Chi è il più grande stakanovista in campo musicale degli ultimi dieci anni? Sicuramente rispondereste tutti Ty Segall. In realtà esiste un altro personaggio che non è da meno di Ty e che corrisponde al nome di Tim Presley. Infatti oltre al moniker principale di White Fence, fa parte del duo Drinks con Cate Le Bon, oltre alle produzioni che lo vedono impegnato con l’amico Segall e senza considerare tutti quei gruppi che lo videro protagonista prima di iniziare una propria carriera solista (Model American, Nerve Agents, Darker My Love e The Fall).

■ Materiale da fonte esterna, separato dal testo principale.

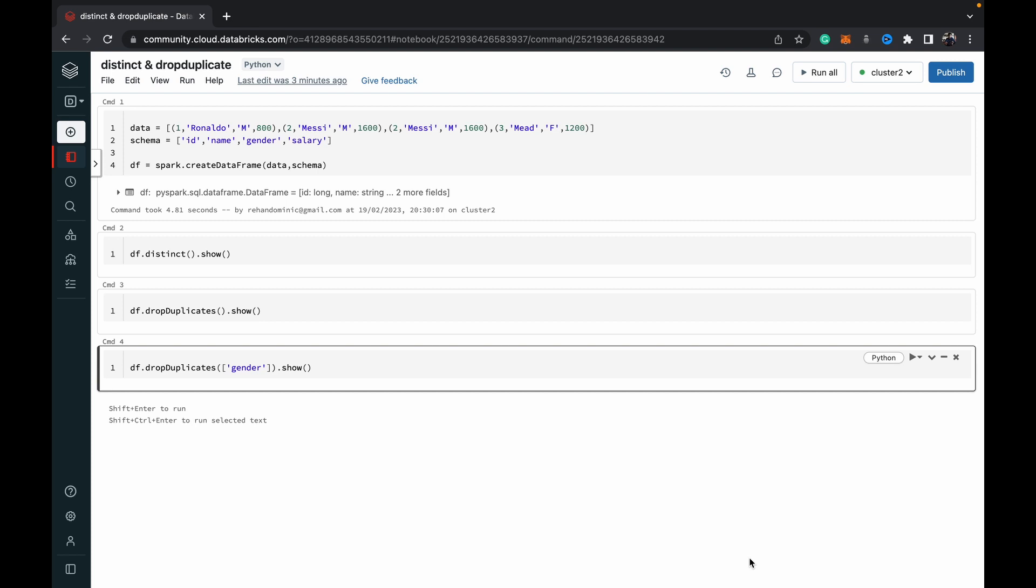The dropDuplicates function is slightly more granular and allows us to drop rows based on duplicates in one column or multiple columns, specified as a list of columns.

Ha quasi sempre vissuto a Los Angeles città tentatrice che lo ha sicuramente influenzato a livello compositivo, ma ora si è trasferito a San Francisco capace pure lei di dare vita ad influenze musicali.
Non si sente più il rumoroso pop psichedelico tipico dei White Fence, ma una vena più introspettiva e malata che da origine a brani sbilenchi ed irrequieti.

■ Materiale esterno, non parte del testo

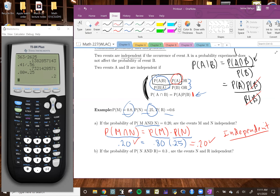So this is how you check if events are independent. If the multiplication rule gives you the same value as the given joint probability, then the events are independent.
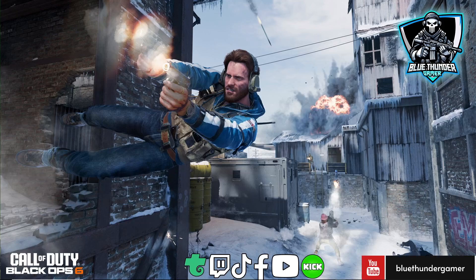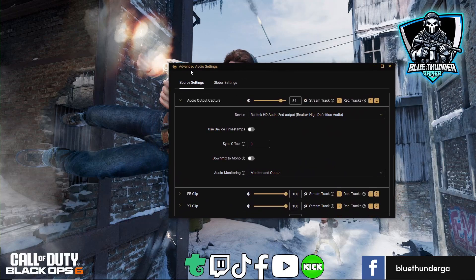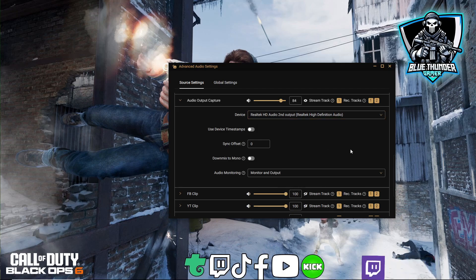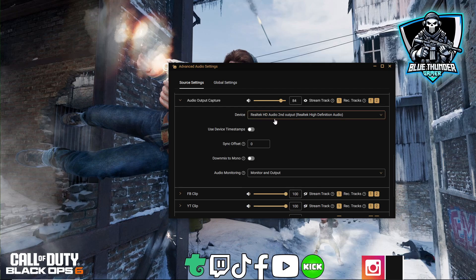After that, all you need to do is go into your advanced settings audio part on Streamlabs or whatever, connect your headphones to the PC, and then that's the device you're listening through — for example, Realtek HD Audio second output.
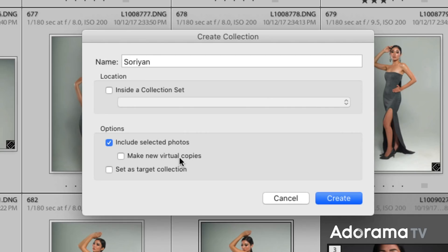We have the option of making virtual copies. For example, maybe you want to have a collection of images that you want to edit — crop them to square or vertical, make them black and white, or some special process — and you want to leave the originals alone. No problem. Create a collection, create some new virtual copies, then you can edit away without having any changes to the master files, which is really cool.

Tutti i pezzi sono stati scritti a Staveley, una cittadina rurale inglese, e composti per la maggior parte al piano. Le registrazioni sono state portate a termine a San Francisco ed il risultato è un indie-rock che è però eterogeneo, non c’è un brano simile all’altro.
La canzone omonima potrebbe essere stata scritta da eccentrici quali Syd Barrett oppure Skip Spence. Ha un andamento drogato ed è fatta di sole tastiere, quasi giocattolo.

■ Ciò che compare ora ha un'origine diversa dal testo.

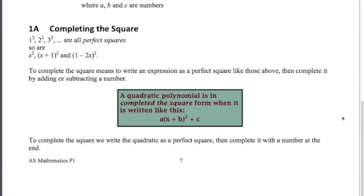Completing the square - you'll know what a square number is: 2 squared, 3 squared, 4 squared, 5 squared, etc. Algebraically speaking, these three things here are squares: x plus 1 squared, 1 minus 2x squared. What we're going to do is learn how to start with a quadratic expression and write it in the form ax plus b squared plus c - we're going to make it into a perfect square and complete it by adding a number at the end. That's the completed the square form.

Quando tocca a “Phone” il punto di riferimento è sempre Barrett , gli arrangiamenti sono appena più ricchi, infatti oltre alle tastiere c’è una batteria, una chitarra che profuma di psichedelia e field recordings per sporcare appena il tutto.
“Lorelei” richiama il Dunedin pop neozelandese (Tall Dwarf, Chills, Clean) e suona tutto sfasato e fuori registro.
“I love you” è quanto di meglio ci abbia mai fatto sentire Daniel Johnston, quindi massimo livello di stonatura ed altrettanto di sentimento.
In definitiva un disco di completezza sonora che definirei un misto tra arte psichedelica e low-fi ad alto livello. Non ci può essere un modo migliore per iniziare l’anno nuovo!!!